US 11,838,313 B2
Artificial intelligence (AI)-based malware detection
Vicknesh Manoselvam, Singapore (SG); Boon Siew Seah, Singapore (SG); and Kamal Mannar, Singapore (SG)
Assigned to Accenture Global Solutions Limited, Dublin (IE)
Filed by Accenture Global Solutions Limited, Dublin (IE)
Filed on Jul. 26, 2019, as Appl. No. 16/522,822.
Prior Publication US 2021/0029157 A1, Jan. 28, 2021
Int. Cl.

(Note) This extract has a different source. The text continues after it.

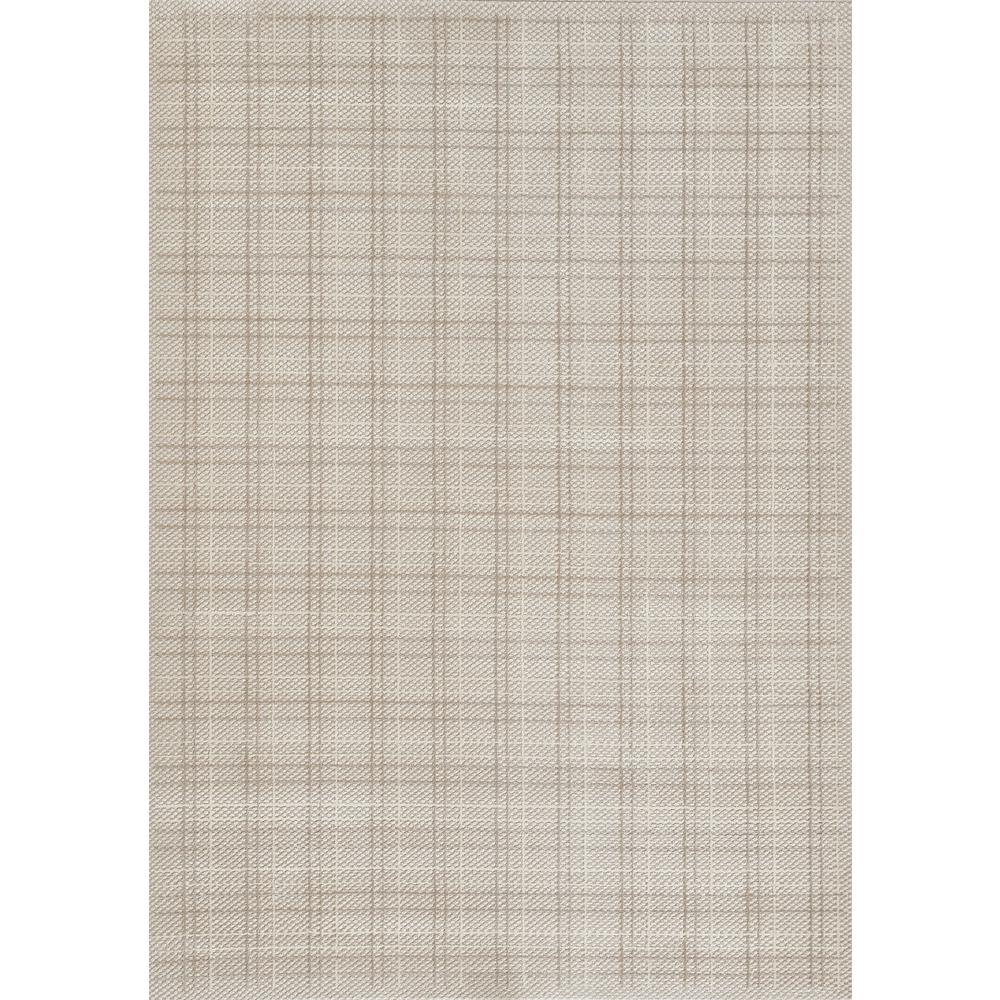 Contemporary Rectangle Area Rug, Beige, 5'3" X 7'6"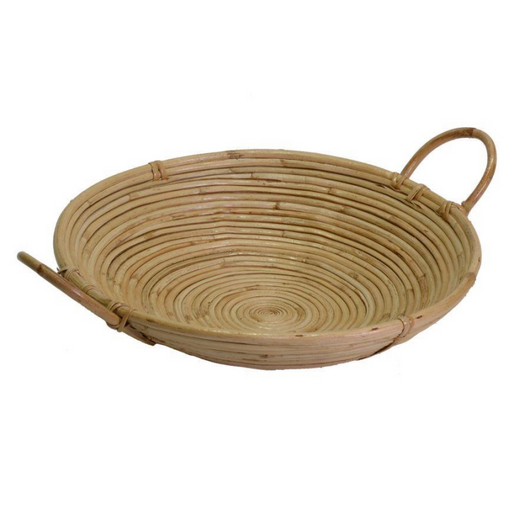 Cesta giunco naturale con manici tondo cm ø40xh10x40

H04L 9/00 (2022.01); H04L 9/40 (2022.01); G06N 3/08 (2023.01)
CPC H04L 63/1441 (2013.01) [G06N 3/08 (2013.01); H04L 63/1416 (2013.01)] 24 Claims
OG exemplary drawing
 
1. A computer-implemented method for identifying and remediating zero-day attacks on a network, the method being executed by one or more processors and comprising:
receiving flow data representative of communication traffic of the network;
determining that at least one blacklisted Internet protocol (IP) address is present in the flow data, the at least one blacklisted IP address representing a known malicious host, and in response:
retrieving historical flow data for the at least one blacklisted IP address, the historical flow data representing flow data associated with the at least one blacklisted IP address for a time period prior to determining that the at least one blacklisted IP address is present in the flow data,
providing a set of high-dimensional flow representations of network traffic by processing the historical flow data through a deep learning (DL) model, each high-dimensional flow representation in the set of high-dimensional flow representations comprising a high-dimensional vector representing a host within the historical flow data, the set of high-dimensional flow representations including all hosts represented within the historical flow data,
providing a set of low-dimensional flow representations of the network traffic from the set of high-dimensional flow representations by reducing dimensions of the high-dimensional flow representations in the set of high-dimensional flow representations, at least one low-dimensional flow representation representing the known malicious host within the network traffic and at least one low-dimensional flow representation representing an unknown malicious host within the network traffic, and
labeling at least a portion of the set of low-dimensional flow representations to provide a sub-set of labeled low-dimensional flow representations and a sub-set of unlabeled low-dimensional flow representations, each labeled low-dimensional flow representation representing a respective known malicious host; and
identifying a host associated with an unlabeled low-dimensional flow representation as a potentially malicious host by clustering the unlabeled low-dimensional flow representations in the sub-set of unlabeled low-dimensional flow representations in view of the labeled low-dimensional flow representations in the sub-set of the labeled low-dimensional flow representations, and in response, automatically executing a remedial action with respect to the potentially malicious host.